Se confunde así servilismo con libertad, beneficencia con igualdad y arranque puntuales (cuando algo nos toca de cerca) con fraternidad. Somos los soldados rasos del entendimiento humillado, siempre en la retaguardia, ajenos a las matanzas de niños, a la impunidad, a la prostitución de los trepadores, al hambre y demás encantos de la civilización. ¿Y qué se puede hacer?, nos preguntaba una amiga. Si pudiéramos responder a esa pregunta no tendríamos necesidad de continuar rastreando el universo humano. Pero denunciar las mentiras ya es algo. No mucho, pero algo. Porque al fin y al cabo no se escribe o se explora al hombre para meter en la cabeza de otros hombres la concepción que atesoramos del mundo, sino para investigarnos a nosotros mismos y averiguar, en la medida de lo posible, quién es uno y qué hace aquí, en esta tierra incomprensible.
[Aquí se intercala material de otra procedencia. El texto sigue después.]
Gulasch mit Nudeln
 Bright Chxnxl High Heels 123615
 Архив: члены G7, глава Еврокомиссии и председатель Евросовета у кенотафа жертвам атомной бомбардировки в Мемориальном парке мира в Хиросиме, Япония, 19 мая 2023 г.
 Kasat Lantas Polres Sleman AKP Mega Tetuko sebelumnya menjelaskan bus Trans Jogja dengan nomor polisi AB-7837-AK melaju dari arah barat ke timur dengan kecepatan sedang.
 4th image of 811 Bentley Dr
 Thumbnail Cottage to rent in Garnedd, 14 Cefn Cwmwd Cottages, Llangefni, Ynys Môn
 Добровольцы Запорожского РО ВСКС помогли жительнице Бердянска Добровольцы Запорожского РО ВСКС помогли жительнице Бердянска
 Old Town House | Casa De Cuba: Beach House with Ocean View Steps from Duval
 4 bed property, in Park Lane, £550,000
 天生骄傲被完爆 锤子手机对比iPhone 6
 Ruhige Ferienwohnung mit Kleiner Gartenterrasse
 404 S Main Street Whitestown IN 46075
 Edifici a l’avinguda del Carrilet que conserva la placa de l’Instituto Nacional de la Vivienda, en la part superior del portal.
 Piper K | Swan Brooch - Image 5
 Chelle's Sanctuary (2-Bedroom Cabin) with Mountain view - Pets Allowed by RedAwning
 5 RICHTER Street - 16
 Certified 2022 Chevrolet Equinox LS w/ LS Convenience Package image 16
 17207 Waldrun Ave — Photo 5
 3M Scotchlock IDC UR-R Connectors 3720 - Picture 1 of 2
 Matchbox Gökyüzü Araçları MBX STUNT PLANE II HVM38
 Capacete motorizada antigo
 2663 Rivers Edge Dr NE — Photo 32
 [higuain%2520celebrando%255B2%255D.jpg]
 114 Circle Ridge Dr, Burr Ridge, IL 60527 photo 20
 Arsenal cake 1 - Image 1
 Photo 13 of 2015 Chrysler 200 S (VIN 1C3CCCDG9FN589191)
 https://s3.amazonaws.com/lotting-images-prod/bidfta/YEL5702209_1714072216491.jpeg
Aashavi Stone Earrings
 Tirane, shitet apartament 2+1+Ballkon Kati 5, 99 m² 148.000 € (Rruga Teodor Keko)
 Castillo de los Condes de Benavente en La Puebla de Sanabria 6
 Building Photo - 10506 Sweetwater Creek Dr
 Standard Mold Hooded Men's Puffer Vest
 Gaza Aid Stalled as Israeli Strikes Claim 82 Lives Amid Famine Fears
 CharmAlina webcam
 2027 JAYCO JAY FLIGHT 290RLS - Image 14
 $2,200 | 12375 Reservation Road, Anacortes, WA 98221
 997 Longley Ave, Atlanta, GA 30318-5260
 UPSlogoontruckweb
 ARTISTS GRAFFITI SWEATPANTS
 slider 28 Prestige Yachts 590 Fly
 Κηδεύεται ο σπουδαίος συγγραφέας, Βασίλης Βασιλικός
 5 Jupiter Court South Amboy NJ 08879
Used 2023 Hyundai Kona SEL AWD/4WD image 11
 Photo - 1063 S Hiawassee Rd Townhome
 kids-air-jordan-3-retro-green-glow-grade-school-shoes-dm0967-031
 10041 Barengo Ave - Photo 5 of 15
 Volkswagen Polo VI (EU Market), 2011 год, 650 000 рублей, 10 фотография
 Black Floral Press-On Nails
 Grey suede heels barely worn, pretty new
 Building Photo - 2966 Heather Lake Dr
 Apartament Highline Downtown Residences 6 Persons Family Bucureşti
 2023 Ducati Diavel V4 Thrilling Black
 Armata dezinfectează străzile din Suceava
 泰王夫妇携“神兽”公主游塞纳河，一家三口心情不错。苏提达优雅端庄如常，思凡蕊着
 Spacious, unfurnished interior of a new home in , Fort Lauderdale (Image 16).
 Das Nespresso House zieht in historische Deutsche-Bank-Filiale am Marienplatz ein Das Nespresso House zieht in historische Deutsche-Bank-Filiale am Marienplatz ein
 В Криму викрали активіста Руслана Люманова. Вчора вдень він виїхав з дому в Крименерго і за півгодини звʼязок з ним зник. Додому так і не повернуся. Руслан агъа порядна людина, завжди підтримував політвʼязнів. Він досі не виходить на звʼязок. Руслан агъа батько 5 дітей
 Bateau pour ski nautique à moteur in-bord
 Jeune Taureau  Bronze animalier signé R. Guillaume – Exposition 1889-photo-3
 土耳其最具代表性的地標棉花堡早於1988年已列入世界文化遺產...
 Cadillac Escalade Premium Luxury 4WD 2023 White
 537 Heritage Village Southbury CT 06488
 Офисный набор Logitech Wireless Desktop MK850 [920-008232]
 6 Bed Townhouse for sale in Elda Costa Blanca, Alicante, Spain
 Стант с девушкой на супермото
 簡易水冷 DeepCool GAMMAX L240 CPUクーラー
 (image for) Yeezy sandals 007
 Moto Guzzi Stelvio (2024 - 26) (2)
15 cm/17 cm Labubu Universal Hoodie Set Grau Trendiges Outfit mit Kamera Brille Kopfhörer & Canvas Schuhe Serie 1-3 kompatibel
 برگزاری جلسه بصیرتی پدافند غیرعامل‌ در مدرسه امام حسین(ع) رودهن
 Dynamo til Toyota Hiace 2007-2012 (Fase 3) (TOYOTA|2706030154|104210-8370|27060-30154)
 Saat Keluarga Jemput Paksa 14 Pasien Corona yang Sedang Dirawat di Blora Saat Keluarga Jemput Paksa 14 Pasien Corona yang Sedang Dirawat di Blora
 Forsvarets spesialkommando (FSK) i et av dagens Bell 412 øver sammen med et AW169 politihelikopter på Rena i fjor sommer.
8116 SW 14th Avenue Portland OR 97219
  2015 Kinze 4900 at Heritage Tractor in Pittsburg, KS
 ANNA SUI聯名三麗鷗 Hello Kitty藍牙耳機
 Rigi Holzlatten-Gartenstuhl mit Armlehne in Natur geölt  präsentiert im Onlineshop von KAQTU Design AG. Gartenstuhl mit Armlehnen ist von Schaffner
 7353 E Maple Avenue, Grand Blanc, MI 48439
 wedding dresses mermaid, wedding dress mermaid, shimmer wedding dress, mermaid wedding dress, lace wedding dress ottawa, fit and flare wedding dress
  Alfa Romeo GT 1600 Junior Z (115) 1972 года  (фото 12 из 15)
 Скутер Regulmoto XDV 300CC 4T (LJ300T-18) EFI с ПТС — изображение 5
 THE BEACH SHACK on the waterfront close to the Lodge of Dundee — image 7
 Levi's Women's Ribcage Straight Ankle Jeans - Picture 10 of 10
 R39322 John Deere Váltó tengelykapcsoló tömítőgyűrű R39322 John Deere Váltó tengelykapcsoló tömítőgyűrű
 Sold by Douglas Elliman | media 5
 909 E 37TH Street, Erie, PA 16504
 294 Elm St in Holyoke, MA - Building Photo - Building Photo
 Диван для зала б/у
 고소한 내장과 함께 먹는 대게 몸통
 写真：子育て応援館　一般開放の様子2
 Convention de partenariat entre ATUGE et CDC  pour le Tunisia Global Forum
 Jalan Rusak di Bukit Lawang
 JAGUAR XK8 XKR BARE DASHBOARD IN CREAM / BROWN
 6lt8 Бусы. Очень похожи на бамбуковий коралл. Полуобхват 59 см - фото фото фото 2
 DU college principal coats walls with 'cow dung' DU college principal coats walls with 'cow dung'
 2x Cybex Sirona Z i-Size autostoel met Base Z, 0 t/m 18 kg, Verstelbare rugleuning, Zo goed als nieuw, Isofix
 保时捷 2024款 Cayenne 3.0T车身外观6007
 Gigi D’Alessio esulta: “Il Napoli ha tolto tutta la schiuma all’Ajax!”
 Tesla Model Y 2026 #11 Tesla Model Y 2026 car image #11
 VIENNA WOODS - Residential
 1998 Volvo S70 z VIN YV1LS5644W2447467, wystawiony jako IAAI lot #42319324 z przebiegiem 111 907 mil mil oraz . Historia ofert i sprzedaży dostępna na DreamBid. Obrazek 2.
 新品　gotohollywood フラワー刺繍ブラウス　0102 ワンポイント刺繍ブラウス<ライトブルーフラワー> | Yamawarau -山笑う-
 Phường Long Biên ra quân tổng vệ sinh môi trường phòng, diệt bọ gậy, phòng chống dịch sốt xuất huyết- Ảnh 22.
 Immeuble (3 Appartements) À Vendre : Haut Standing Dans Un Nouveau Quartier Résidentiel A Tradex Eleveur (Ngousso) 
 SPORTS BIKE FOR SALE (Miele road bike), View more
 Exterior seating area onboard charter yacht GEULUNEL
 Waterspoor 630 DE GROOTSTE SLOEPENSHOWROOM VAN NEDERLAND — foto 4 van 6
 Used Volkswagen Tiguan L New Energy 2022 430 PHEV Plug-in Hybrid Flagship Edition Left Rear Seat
Hemos sostenido que la maraña de falsedades de todo tipo, difundida por creencias, reglamentarismos, preceptivas "espirituosas" y otros tantos despropósitos de fácil divulgación, colabora exitosamente en la construcción de una concepción "paralela" del universo humano, donde gran parte de la especie practica el deporte de vivir. Este atolondrado transcurrir desata una sarta de opiniones irracionales que responden a estados emotivos y a núcleos secretos donde anidan temores, ansiedades y resentimientos. El miedo a no mentir constituye uno de los fenómenos más curiosos y timoratos de la época. Aquel sujeto pronostica: "Si todo el mundo dijera la verdad, esto sería un caos". Y este otro: "Yo creo en el valor moral de la mentira". Al último no le falta razón. Si un misil destrozó el cuerpo de un niño en veinte pedazos, la madre merece creer que en el ataúd el cuerpo de su hijo permanece intacto. Ejemplo tan siniestro como elocuente.

A raíz del último atentado en Rusia, reiteramos lo apuntado en otra ocasión. Los depredadores de uno y otro lado construyen su sistema operacional adaptándolo a leyes no escritas y empaquetado en "principios" hegemónicos que despiertan adhesiones (de uno u otro lado). Y las víctimas tragan esas pildoritas que hablan de "humanismo", defensa de los "valores" (ay) o de "sagrados intereses", cuando la realidad indica que estos matones del planeta son perros adiestrados para percibir el aroma del metal, dicho sin ánimo de confundirlos con tan nobles animales.

También nos hemos referido a la colonización del pensamiento, operación donde la mendacidad devora con mayor apetito. Un modo más de ultrajar la inocencia de tantos seres que aspiran a ver claro en esta encerrona de equívocos y oscuridades que, como es natural, inspira el deseo de evasión.

Alguien dijo que la barbarie ha terminado por apoderarse de la cultura... Y la vida guiada por el pensamiento cede insensiblemente su lugar al terrible y ridículo cara a cara del fanático y del zombie.

¿Quién legisla acerca de las aberraciones que impone la mentira con mayúscula? Al mentiroso no es difícil pescarlo en falta: siempre termina enredándose en sus propios tentáculos, lo que suele ocurrir con el racista. Pero, ¿qué pasa con la mendacidad institucionalizada?